Few young people think of becoming professional historians, even if they enjoy reading and studying history. My five-year-old thinks about being a Power Ranger or a fireman; when I was a child, we were all going to be cowboys or baseball players. It used to be that virtually every young college student was going to be a doctor or a lawyer; today, we also have prospective consultants, high-tech engineers, and entrepreneurs. Our job is to convince undergraduates that there is no magic to becoming a historian, but there is magic in being one. My own case is probably typical: I had no clear idea what I wanted to do when I arrived at college. Uncle Wayne said, “Why don’t you go to graduate school and be a historian?” I was stunned. The idea had never occurred to me. But I trusted him and I thought, “I might enjoy that.” In the end, what Professor Vucinich gave me was the courage to try—and the fit ended up being perfect.

Graduate students, who have made their choices, still require a lot of mentoring. It’s not as easy as you might think to pass the torch. I remember well a certain neuroticism and deep insecurity in the graduate student outlook: you’re grown up and yet you’re not.
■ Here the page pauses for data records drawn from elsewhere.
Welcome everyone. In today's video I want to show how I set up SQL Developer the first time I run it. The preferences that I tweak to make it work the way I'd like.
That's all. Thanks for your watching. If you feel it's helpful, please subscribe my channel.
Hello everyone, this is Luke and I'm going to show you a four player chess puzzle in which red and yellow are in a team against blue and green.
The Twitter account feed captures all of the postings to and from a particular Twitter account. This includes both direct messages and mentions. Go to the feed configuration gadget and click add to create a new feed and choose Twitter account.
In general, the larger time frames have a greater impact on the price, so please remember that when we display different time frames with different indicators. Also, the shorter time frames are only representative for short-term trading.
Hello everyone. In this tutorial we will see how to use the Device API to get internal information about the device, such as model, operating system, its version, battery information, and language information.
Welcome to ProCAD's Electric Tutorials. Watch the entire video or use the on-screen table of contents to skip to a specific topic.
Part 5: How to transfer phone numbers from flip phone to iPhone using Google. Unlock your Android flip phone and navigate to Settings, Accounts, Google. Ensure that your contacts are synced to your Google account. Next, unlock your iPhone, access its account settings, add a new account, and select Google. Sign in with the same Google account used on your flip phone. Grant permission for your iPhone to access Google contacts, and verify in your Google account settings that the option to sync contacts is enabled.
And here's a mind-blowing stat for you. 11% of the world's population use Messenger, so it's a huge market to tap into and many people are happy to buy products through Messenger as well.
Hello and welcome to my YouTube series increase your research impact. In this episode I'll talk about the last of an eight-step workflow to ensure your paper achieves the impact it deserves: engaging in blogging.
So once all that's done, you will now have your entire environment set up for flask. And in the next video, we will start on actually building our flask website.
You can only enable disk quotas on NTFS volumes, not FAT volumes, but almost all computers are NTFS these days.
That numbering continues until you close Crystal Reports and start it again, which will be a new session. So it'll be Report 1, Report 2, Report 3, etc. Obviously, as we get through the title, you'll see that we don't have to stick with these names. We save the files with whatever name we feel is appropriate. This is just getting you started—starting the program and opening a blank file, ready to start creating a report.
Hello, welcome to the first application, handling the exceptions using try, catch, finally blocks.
The faculty all seem brilliant: they’ve read everything, and they’ve written all these books, while you’re having a terrible time finishing your seminar paper. How can there be 300,000 books about the French Revolution? Even as a veteran historian, I am still overwhelmed by all the books I’ve never read, and will never be able to read, on my own narrow subject. The past is huge, endless.

As a mentor I find myself talking, schmoozing, spending an inordinate amount of time at lunch and over coffee with grad students telling stories about my own insecurities, about the rough moments in my own career, trying to break down that feeling graduate students have that they know nothing and we know everything. This is, indeed, far from the truth. Not only that, they have what we more experienced teachers don’t—the perspective of the new. Students not only have something to contribute, but they need to be reassured that they can do it better than those who have gone before. Mentoring is breaking that barrier.

It is no accident that historians tend to get better with age, do their best work later rather than earlier, and continue to mature as scholars for as long as they are productive.

Let me conclude with an exchange I often have with graduate students and former students when they ask for recommendations for grants, jobs, better jobs, tenure, promotions, more grants, and so on. They often ask very apologetically and sheepishly. I always tell them that I’ll be glad to help, in good part because my mentors—like Professor Vucinich—constantly wrote for me, and they did it because they knew I would write for my students, and I know that my students will write for theirs. The muse of history, Clio, inspires us all. And the story of Mentor is one that is repeated over the generations.